Acton erkannte bereits im 19. Jahrhundert, dass sich ein freies Gemeinwesen nicht ausschliesslich auf den Staat verlassen darf. Er hat gesehen, wie auch beim Staat eine Tendenz darin besteht, seine Macht auszudehnen. Um ein freiheitliches Gemeinwesen zu entwickeln, bestehe daher stets eine Ausgangsvermutung gegen den Staat. Der Staat, so sagt er, „hat dort nichts zu suchen, wo er nicht beweisen kann, dass etwas seine Aufgabe ist. Der Staat muss zurückgewiesen werden, es sei denn, es handelt sich um Geschäfte, die offensichtlich seine eigenen sind.“ Hier spielt Acton auch Funktionen an, die nach seiner Erfahrung des 19. Jahrhunderts eben nur durch den Staat wahrgenommen werden können. Hierzu zählen insbesondere die innere Sicherheit (Polizei) oder der Ausgleich politischer Interessen.

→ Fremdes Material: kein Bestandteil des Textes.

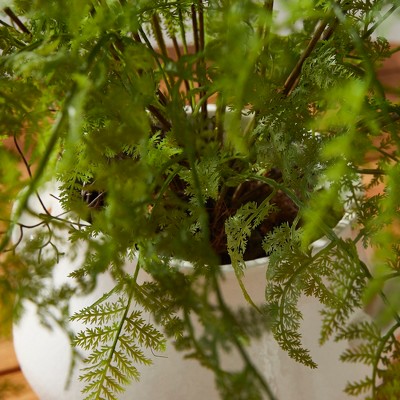 Lush Green Faux Fern Plant in Black Pot, 36"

So sieht Acton die Aufgabe des Staates nicht darin, die Wirtschaft zu beeinflussen oder gar zu steuern. Er meint sogar, dass die „Politische Ökonomie“ von den Staatsmännern weit überschätzt würde. „Politische Ökonomie ist ein Thema, das für ein weites politisches Wissen notwendig ist, das aber wiederum nicht so wichtig ist, wie es unsere modernen Staatsmänner anzunehmen scheinen.“ So bringt er auch der formalen Verteilung von Gütern grosse Vorbehalte entgegen. Vielmehr ist er der Ansicht, dass die Wirtschaft aus sich heraus Wohlstand schafft. Er warnt ausdrücklich vor dem Versuch der Politiker, nicht vorhandenen Wohlstand zu verteilen: „Das Mischen der Karten ist von geringem Nutzen, wenn alle Trümpfe entnommen sind.“

Die grössten Feinde der Freiheit sieht Acton in den Theorien des Egalitarismus, des Kommunismus und des Nationalismus. Letzterer war nach den italienischen  Unabhängigkeitskriegen und den deutschen Einigungskriegen der 60er Jahre des 19. Jahrhunderts damals die modernste. Der Egalitarismus hatte seinen Höhepunkt in der französischen Revolution gefunden und auch die Vorstellungen vom Kommunismus waren damals in Frankreich entwickelt worden. Die ausgefeilte Dialektik des Marx’schen Sozialismus als Vorstufe zum Kommunismus wurde zu Actons Zeiten noch eher als eine Nebenströmung angesehen.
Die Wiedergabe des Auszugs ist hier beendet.